═══ Records shown ═══

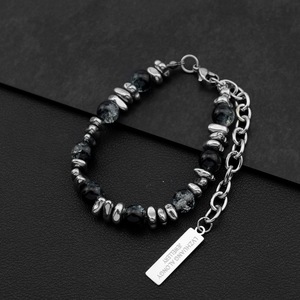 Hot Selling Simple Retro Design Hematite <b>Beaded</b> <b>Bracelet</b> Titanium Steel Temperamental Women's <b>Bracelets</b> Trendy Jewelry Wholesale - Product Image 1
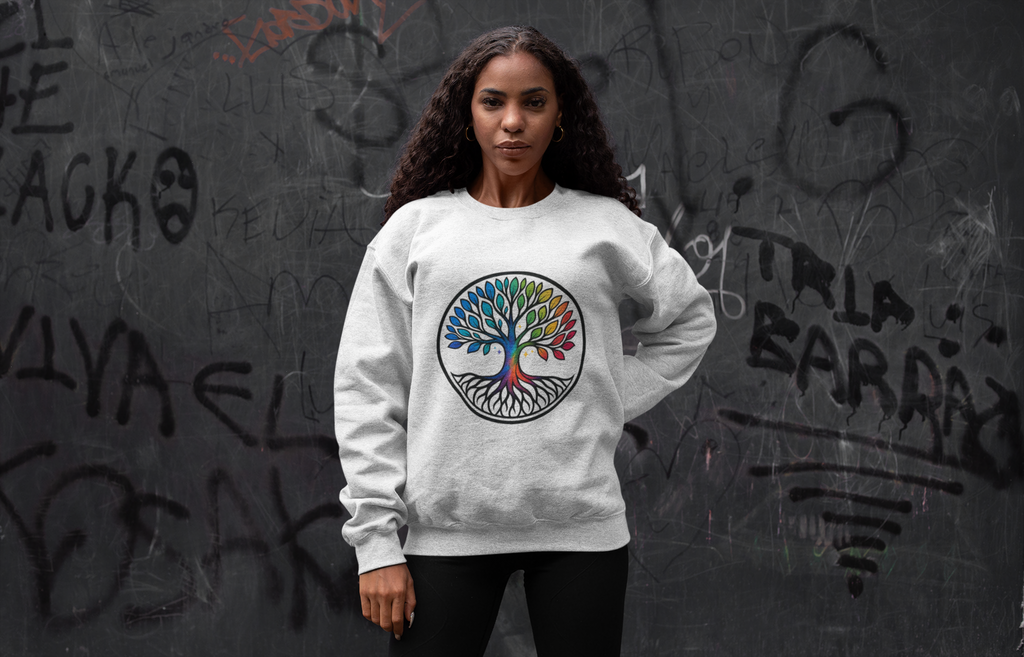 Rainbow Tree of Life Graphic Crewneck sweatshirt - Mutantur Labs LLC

═══
═══ Records shown ═══

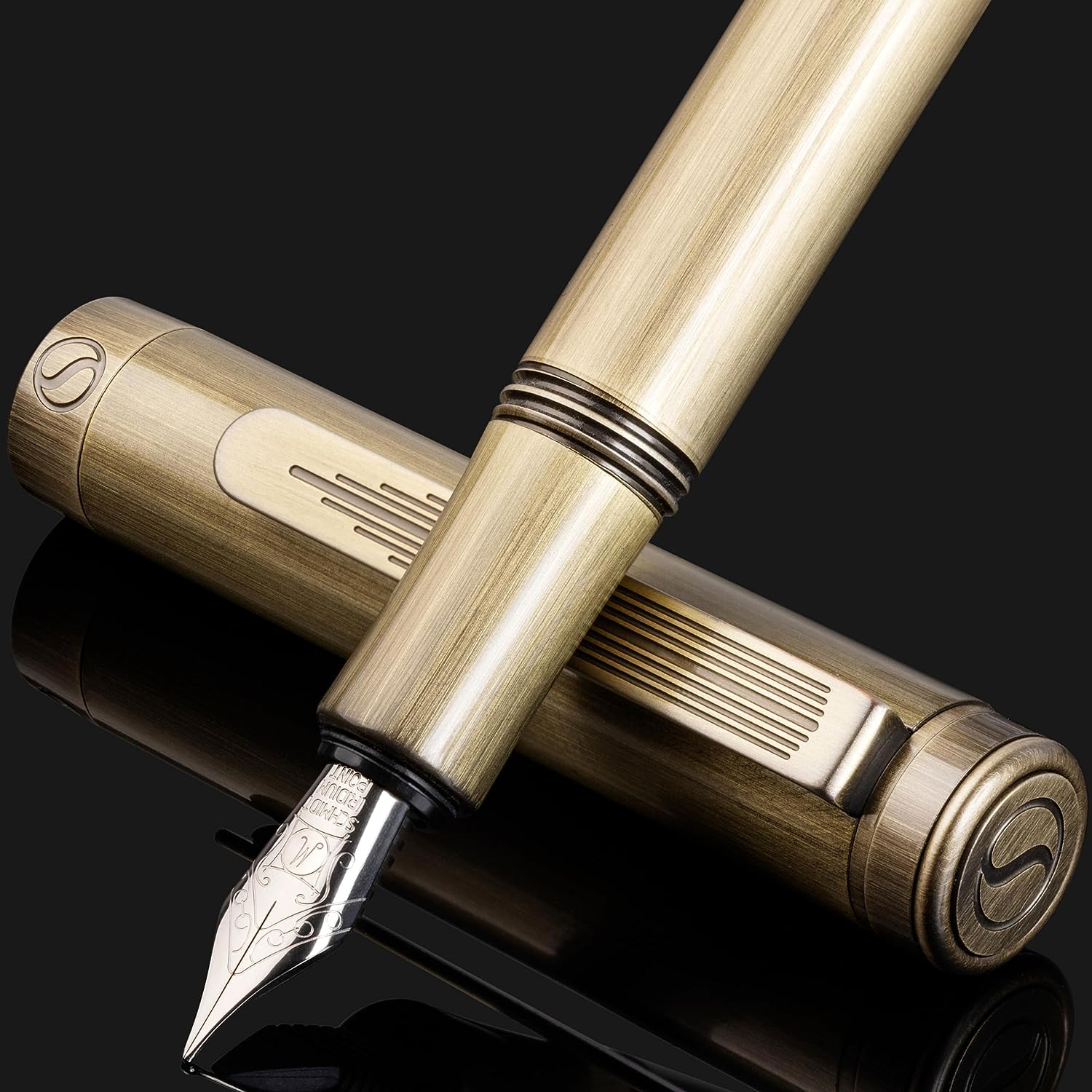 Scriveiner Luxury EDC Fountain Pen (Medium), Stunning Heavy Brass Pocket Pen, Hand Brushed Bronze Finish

═══

# [Exercise aim]
Using the data above, return the lines from the one holding "Hot Selling Simple" through the one holding "Rainbow Tree of" exactly, but not the pictures.

# [The completed task]
 Hot Selling Simple Retro Design Hematite <b>Beaded</b> <b>Bracelet</b> Titanium Steel Temperamental Women's <b>Bracelets</b> Trendy Jewelry Wholesale - Product Image 1
 Rainbow Tree of Life Graphic Crewneck sweatshirt - Mutantur Labs LLC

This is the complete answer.